In a quarter day, I might take 2 usable images and, in an very complicated full day, I might only take the same 2 usable images. But, obviously, I will charge more for the latter.

For this reason, since I started out 25 years ago, I have always billed for time and materials separately. Thus, just like when you go and get your car serviced and receive a bill detailing the mechanic's time @ 13.5% and parts @ 21.5%, I too have charged time @ 13.5% and materials @ 21.5%.

Similarly, in the digital age, I am charging my time @ 13.5% and the delivery of files (either on CD or DVD, or by portable hard drive when there are too many of them) are charged separately @ 21.5%.

Needless to say, this makes a considerable difference to the bill and, since many of my clients are state institutions and not registered for VAT, I'd like it to stay this way.

The link above refers only to the "supply" of photographs and, while this makes sense in the wedding and social arena where you might be told you'll be given an album of 30 prints, it makes no sense whatsoever in the commercial arena where the client is paying for a service first and foremost. The physical nature of the way in which the images are delivered to the client is very secondary.

There are two schools of thought on VAT in the digital era, mine as outlined above and the "rate the entire invoice at 21.5%" approach.

I would be grateful for the views of others.

Many thanks.

D.


----------



## mathepac (24 Jun 2009)

I can't see anywhere in the Revenue site or documents where its allows for charging the time / labour element at 13.5% VAT.

You say that you "... charge by time (1/4 day, 1/2 day, full day etc...) and charge my expenses on top of that." Why is that different to an accountant / solicitor who charge VAT on professional fees at 21.5% and re-bill outlays?


----------



## Dinarius (24 Jun 2009)

mathepac said:


> I can't see anywhere in the Revenue site of documents where its allows for charging the time / labour element at 13.5% VAT.
> 
> You say that you "... charge by time (1/4 day, 1/2 day, full day etc...) and charge my expenses on top of that." Why is that different to an accountant / solicitor who charge VAT on professional fees at 21.5% and re-bill outlays?



Thanks for the reply.

Photography has always been ratable @ 13.5% (comparable to the car industry, as I wrote above), but they seem to be making a distinction with digital photography.

I agree, there doesn't seem to be any mention of the service element, just the goods.

D.

Edited: Two further points...........

1. Both the 13.5% and the 21.5% paragraphs are headed "The supply of goods and services......", but only the former mentions commissions - by which I understand the supply of a service. The 21.5% paragraph only mentions goods ratable at 21.5%.

2. What happens if someone asks for a unframed prints of the digital files (ratable @ 13.5%) in addition to a DVD of the files? As with the car mechanic example, it seems to me that unless you're itemizing the service and the goods separately, you have to charge both at the same VAT rate. But, which one?

D.


----------



## Gervan (24 Jun 2009)

See [broken link removed] and neighbouring items. There is a difference in whether the photographs are commissioned ( service being supplied) or not ( supply of goods).
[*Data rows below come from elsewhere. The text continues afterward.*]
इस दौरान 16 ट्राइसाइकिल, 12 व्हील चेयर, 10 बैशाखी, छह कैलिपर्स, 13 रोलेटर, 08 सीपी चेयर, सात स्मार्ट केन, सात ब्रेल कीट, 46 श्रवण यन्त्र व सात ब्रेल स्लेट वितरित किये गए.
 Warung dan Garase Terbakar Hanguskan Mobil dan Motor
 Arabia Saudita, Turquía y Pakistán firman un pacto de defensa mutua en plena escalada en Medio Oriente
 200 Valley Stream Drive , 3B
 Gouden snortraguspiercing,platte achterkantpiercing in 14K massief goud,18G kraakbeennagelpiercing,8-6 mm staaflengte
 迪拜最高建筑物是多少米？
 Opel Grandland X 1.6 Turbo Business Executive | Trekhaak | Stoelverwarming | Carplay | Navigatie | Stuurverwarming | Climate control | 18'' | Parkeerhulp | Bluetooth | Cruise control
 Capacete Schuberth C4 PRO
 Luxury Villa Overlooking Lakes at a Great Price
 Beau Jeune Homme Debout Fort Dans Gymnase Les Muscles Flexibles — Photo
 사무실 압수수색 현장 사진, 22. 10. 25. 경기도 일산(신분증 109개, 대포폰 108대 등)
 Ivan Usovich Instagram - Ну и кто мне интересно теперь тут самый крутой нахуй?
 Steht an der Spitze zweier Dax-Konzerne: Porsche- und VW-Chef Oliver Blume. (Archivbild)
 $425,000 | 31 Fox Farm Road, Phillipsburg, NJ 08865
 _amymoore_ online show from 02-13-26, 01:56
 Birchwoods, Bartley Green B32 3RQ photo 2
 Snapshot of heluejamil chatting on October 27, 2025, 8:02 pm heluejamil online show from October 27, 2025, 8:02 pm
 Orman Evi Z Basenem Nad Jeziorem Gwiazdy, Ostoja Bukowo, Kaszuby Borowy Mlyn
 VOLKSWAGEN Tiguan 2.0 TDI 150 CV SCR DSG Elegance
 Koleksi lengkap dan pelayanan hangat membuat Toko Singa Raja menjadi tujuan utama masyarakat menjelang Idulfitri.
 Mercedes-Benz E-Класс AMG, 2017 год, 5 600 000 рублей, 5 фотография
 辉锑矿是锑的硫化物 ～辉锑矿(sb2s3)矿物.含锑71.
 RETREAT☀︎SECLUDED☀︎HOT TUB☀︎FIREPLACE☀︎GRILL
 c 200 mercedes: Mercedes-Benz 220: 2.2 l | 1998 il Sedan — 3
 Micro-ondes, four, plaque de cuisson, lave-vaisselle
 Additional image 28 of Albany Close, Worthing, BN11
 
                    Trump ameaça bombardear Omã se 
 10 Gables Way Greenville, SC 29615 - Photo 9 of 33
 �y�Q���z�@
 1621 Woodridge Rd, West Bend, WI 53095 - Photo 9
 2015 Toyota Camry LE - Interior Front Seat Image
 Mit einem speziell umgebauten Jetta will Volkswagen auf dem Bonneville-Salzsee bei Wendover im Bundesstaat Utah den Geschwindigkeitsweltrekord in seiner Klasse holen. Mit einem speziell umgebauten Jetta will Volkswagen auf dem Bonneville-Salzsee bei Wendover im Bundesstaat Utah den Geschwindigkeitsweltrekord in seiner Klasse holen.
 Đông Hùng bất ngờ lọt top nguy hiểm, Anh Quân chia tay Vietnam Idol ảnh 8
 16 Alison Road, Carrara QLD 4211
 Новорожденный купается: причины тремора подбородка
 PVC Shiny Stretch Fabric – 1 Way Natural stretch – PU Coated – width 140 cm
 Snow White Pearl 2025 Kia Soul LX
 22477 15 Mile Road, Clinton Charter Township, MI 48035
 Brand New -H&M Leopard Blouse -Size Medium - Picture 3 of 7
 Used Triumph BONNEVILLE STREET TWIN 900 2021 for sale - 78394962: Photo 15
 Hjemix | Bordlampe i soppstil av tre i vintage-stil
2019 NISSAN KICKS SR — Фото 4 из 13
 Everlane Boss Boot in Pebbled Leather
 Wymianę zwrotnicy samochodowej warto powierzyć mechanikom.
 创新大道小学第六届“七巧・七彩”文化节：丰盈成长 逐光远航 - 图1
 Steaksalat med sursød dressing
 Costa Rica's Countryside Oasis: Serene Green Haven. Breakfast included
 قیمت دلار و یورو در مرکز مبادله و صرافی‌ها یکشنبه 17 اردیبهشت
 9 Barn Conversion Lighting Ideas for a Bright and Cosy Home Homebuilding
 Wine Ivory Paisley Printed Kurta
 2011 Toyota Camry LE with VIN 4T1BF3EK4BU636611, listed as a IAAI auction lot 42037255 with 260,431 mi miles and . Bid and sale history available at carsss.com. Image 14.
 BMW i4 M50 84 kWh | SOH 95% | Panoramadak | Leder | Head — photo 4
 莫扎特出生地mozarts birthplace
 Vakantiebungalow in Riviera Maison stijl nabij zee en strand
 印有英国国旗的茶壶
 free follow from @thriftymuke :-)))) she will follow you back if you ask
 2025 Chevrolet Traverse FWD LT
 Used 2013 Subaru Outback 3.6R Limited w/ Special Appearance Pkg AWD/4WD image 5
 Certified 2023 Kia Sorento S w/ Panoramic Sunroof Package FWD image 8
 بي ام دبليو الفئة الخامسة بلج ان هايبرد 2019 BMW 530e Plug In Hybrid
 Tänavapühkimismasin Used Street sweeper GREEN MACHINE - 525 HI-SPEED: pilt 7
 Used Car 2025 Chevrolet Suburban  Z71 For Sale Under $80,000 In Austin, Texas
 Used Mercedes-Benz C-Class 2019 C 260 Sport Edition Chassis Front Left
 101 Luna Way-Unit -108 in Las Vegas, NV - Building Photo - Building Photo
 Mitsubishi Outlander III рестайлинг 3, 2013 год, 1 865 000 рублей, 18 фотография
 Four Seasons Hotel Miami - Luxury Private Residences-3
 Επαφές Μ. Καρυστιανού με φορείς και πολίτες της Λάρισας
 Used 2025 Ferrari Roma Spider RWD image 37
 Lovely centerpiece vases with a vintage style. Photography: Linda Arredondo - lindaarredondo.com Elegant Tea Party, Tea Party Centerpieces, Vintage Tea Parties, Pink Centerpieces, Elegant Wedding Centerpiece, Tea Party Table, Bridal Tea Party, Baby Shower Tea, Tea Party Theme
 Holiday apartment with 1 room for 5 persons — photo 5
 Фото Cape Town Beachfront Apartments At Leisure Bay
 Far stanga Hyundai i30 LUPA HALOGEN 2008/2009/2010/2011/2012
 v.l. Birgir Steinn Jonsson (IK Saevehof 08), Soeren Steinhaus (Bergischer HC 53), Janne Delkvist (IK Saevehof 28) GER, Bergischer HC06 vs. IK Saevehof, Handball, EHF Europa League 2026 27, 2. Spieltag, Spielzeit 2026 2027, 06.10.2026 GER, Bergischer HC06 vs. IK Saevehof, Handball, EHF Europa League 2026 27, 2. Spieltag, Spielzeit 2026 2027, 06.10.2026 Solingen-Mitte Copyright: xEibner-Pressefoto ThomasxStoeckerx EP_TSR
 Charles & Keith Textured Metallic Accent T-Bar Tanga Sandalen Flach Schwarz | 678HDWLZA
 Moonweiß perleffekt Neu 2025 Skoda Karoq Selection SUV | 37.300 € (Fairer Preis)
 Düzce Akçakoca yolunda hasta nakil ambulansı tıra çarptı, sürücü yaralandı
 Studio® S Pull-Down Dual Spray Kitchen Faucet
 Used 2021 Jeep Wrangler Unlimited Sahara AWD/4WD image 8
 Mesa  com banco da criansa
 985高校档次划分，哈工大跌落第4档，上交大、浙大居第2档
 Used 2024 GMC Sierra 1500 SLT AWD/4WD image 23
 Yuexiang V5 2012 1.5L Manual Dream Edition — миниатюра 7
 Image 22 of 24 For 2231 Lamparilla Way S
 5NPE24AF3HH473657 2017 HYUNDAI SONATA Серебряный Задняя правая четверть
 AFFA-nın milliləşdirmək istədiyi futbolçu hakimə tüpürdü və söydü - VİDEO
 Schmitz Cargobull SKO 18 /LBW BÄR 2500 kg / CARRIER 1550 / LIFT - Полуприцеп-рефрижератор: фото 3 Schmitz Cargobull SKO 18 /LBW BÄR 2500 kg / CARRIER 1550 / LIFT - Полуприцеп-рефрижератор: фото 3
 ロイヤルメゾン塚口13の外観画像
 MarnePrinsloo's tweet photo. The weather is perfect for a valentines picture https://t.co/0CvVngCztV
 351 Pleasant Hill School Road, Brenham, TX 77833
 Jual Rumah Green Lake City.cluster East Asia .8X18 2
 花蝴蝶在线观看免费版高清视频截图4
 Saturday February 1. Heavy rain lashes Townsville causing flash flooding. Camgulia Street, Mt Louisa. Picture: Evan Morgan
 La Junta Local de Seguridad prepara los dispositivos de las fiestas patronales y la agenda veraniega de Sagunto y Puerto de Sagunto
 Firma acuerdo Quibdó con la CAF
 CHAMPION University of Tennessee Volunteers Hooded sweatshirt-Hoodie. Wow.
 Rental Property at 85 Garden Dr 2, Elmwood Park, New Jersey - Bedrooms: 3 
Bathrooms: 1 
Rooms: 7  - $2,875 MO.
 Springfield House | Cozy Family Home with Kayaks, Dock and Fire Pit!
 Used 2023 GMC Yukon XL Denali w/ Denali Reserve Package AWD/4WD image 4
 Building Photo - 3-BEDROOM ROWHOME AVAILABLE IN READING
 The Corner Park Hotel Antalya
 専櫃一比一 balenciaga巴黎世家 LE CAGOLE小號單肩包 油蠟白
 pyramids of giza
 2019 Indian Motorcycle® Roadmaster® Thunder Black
I wonder if this service / supply also obeys the "two-thirds" rule, whereby if the supply of goods, or what is considered goods exceeds two thirds of the net invoice the higher Vat rate must be used. Otherwise the 13.5% would be correct.


----------



## Dinarius (25 Jun 2009)

Gervan,

Thanks for that. But, I'm still confused.

The link you quote above is headed: "Photography, Photographer's Services", but it then goes on to talk about "supplying goods". Moreover, it says that the goods are rated 13.5% unless they're digital, when they're 21.5%. Fair enough, but what if I supply a mix of the two?

It seems to me that the guidelines are constructed with over-the-counter services and cost-per-unit type goods in mind. It's very easy to understand that if I go to a one-hour-photo shop with a DVD of holiday pics for printing that I am charged 13.5% per print. Equally, if I go with a pile of old family photos that I want scanned and delivered to me on DVD, I must pay 21.5% on the digital images on the DVD. But, over the counter services are billed on a per unit (per print, per scan etc...) basis, not time plus materials.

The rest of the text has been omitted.